[Exercise directions]
If a line in the data holds "album", copy that line out in full.

Dataset excerpts:
******************************
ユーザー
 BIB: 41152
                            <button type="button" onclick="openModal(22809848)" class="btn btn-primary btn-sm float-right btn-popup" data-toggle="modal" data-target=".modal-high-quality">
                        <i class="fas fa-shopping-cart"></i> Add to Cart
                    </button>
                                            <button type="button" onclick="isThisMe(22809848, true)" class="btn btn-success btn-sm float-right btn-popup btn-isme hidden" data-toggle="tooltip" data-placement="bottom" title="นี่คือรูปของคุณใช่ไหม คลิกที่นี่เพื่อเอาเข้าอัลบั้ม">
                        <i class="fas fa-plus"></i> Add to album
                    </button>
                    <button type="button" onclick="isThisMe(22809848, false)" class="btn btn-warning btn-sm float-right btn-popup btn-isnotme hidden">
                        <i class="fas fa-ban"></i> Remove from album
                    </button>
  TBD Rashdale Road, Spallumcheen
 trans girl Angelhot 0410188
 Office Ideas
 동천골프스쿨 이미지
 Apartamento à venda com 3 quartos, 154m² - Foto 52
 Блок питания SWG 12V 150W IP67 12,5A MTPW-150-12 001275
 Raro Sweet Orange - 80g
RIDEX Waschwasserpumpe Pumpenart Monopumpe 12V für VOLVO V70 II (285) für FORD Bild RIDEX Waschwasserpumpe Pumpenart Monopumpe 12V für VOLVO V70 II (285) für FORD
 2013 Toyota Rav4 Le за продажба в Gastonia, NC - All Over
******************************
[Answer space]
                        <i class="fas fa-plus"></i> Add to album
                        <i class="fas fa-ban"></i> Remove from album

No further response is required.